Il résulte de ces principes qu’à la suite de l’annulation juridictionnelle de son retrait, intervenu dans le délai de recours contentieux, le permis de construire tacitement acquis par M. B… le 13 septembre 2023 s’est retrouvé rétabli à compter de la mise à disposition du jugement prononçant cette annulation, soit le 8 janvier 2026. Il ressort des pièces du dossier que le certificat de non opposition mentionnant le jugement du tribunal a été reçu à la sous-préfecture de Largentière le 6 février 2026, puis l’entier dossier de permis déposé par M. B… le 10 février 2026. Dès lors, le déféré préfectoral, enregistré dans le délai de deux mois suivant, a été formé dans le délai prévu par l’article L. 2131-6 du code général des collectivités territoriales. Par suite, la fin de non-recevoir opposée par M. B… doit être écartée.
Sur la demande de suspension :
Aux termes de l’article A1 du règlement de la zone agricole arrêté par le plan local d’urbanisme intercommunal de la communauté de communes Ardèche des Sources et Volcans : « En zone A, seules sont autorisés : – Le logement de fonction nécessaire à l’exploitation agricole dans une limite de 100m2 de surface de plancher. (…) ».
En l’état de l’instruction, le moyen susvisé qui est soulevé par le préfet de l’Ardèche apparaît propre à créer un doute sérieux sur la légalité du permis tacitement accordé par le maire de Fabras à M. B…. Par suite, la demande de suspension présentée par le préfet de l’Ardèche doit être accueillie.

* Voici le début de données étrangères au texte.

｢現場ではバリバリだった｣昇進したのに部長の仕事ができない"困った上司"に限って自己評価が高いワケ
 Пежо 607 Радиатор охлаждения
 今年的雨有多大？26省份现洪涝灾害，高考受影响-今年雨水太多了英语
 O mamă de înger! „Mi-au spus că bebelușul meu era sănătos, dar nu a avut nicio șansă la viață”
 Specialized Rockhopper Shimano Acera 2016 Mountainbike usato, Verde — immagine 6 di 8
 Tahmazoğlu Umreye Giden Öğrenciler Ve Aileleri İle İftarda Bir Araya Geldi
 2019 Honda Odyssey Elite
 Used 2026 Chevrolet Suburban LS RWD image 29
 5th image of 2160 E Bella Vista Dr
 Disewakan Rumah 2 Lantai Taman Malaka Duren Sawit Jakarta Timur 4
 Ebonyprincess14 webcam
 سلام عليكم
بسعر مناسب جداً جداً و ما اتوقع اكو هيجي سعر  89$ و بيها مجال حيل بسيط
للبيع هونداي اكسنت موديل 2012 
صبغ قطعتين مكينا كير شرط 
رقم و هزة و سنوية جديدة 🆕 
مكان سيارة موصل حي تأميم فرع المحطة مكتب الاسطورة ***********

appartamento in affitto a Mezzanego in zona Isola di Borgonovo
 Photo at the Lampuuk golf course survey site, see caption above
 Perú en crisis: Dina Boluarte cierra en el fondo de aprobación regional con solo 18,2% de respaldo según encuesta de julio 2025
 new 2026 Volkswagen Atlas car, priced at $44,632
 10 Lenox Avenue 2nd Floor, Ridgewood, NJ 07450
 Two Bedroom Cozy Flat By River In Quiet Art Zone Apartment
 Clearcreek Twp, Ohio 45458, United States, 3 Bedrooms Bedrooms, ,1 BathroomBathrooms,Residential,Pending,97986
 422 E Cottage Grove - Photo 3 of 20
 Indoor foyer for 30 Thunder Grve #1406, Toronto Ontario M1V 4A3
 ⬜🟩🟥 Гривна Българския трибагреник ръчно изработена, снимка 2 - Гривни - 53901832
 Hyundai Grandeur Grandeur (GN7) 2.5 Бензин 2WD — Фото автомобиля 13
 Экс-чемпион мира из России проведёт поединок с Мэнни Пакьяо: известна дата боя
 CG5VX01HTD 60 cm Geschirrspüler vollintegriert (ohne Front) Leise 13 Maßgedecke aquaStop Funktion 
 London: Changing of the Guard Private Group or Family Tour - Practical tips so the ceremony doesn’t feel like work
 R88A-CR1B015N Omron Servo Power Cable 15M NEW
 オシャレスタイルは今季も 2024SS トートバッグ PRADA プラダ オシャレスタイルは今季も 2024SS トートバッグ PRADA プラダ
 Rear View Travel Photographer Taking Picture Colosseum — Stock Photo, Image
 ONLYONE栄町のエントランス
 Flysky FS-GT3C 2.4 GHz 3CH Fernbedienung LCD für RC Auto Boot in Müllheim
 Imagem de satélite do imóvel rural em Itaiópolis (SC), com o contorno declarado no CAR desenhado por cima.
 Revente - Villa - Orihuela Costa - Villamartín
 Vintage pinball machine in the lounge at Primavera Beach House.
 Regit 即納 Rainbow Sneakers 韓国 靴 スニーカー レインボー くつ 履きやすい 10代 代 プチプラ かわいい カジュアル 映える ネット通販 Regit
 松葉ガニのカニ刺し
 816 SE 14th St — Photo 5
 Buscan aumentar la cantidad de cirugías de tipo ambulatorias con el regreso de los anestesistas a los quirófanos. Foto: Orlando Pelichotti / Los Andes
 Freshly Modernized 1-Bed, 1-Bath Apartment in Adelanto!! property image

Sur les frais liés à l’instance :
L’Etat n’étant pas la partie perdante dans la présente instance, les conclusions présentées par M. B… au titre des frais non compris dans les dépens qu’il a exposés doivent être rejetées en application de l’article L. 761-1 du code de justice administrative.
O R D O N N E :
Article 1er : L’exécution du permis de construire tacitement accordé par le maire de Fabras à M. B… pour la construction d’une maison individuelle avec local agricole est suspendue jusqu’à ce qu’il soit statué au fond sur le déféré tendant à son annulation.
Article 2 : Les conclusions présentées par M. B… au titre de l’article L. 761-1 du code de justice administrative sont rejetées.
Article 3 : La présente ordonnance sera notifiée au préfet de l’Ardèche, à la commune de Fabras et à M. B….
Fait à Lyon, le 30 mars 2026.
Le juge des référés,
R. Reymond-Kellal
La République mande et ordonne au préfet de l’Ardèche en ce qui le concerne ou à tous commissaires de justice à ce requis en ce qui concerne les voies de droit commun contre les parties privées, de pourvoir à l’exécution de la présente décision.